Likability” has to be the most obnoxious element of horse-race political coverage. Though it carries impact, it’s a squishy and vacuous measure that inspires a lot of rote, anybody-can-do-it political commentary and tired questions about who you’d like to share a beer with. So journalists invite ridicule for asking politicians about their likability.

But what happens when the politician introduces the topic? Check out this exchange from the fresh interview between George Stephanopoulos and Republican presidential candidate Mitt Romney. In response to a question about conservative critics who are saying that the Republicans should hang it up if they cannot beat President Obama, the challenger said:

MITT ROMNEY: (LAUGH) Well you know, beating an incumbent is never easy. The president exudes an air of likability and friendliness, which is endearing. But at the same time, I think people recognize that he has not done the job they expected him to do and that he promised he would do.

That opened the door for Stephanopoulos, who moments later went straight at the likability question, with predictable results:

GEORGE STEPHANOPOULOS: You mentioned President Obama’s likability. We had a poll question this week asking, “Who would you rather have dinner with?” Right now President Obama is beating you by about 19 points on that. So try and convince people that they’re wrong. Bring us inside. What would dinner be like at the Romney home.

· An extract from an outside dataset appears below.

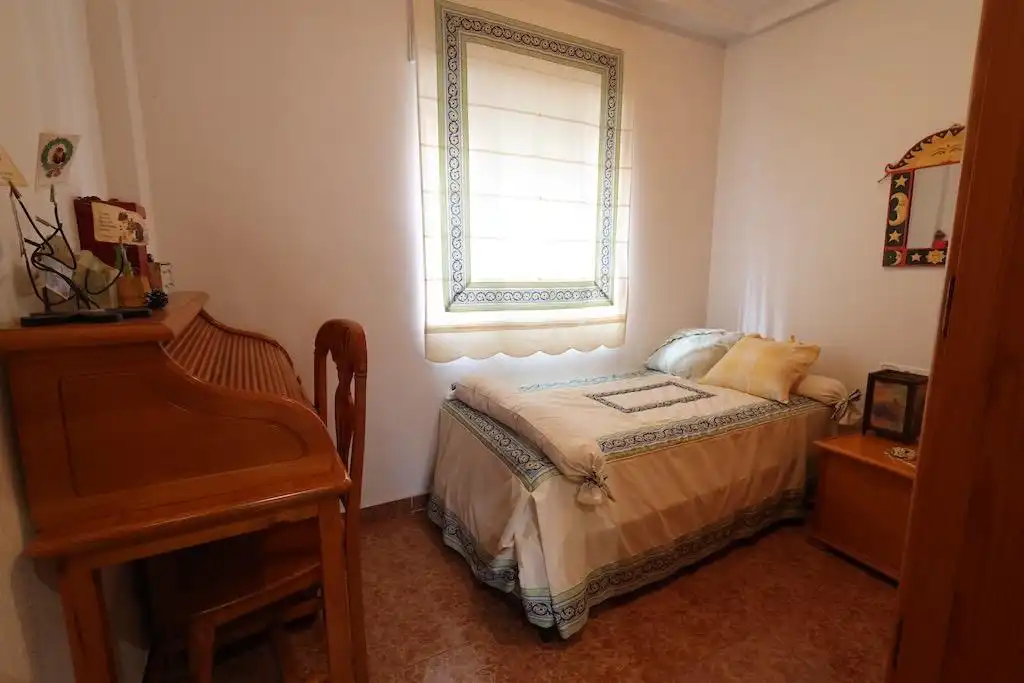Bedroom of Houses for sale in Torrevieja  with Terrace, Swimming Pool and Furnished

MITT ROMNEY: (LAUGH) It’d be chaotic, all right? You’d have grandkids climbing all over you. Probably some food would be thrown from one side of the table to the other by one of my grandkids. It’d be a lot of fun. By the way, that’s my favorite dinner in the world is with my kids and my daughters in law and with my grandkids.

So I can’t tell people who would have more fun at whose table. But I can tell you the president’s a person that a lot of people like. I don’t dislike him myself and wish him the very best. But I think the American people are looking for someone who has the capacity to help them get good jobs and more take-home pay. And I do.

Good thing that this digression on political likability is bracketed by many smart questions by Stephanopoulos and strong responses by Romney, including a pledge to offer the public “more detail” on his governing principles.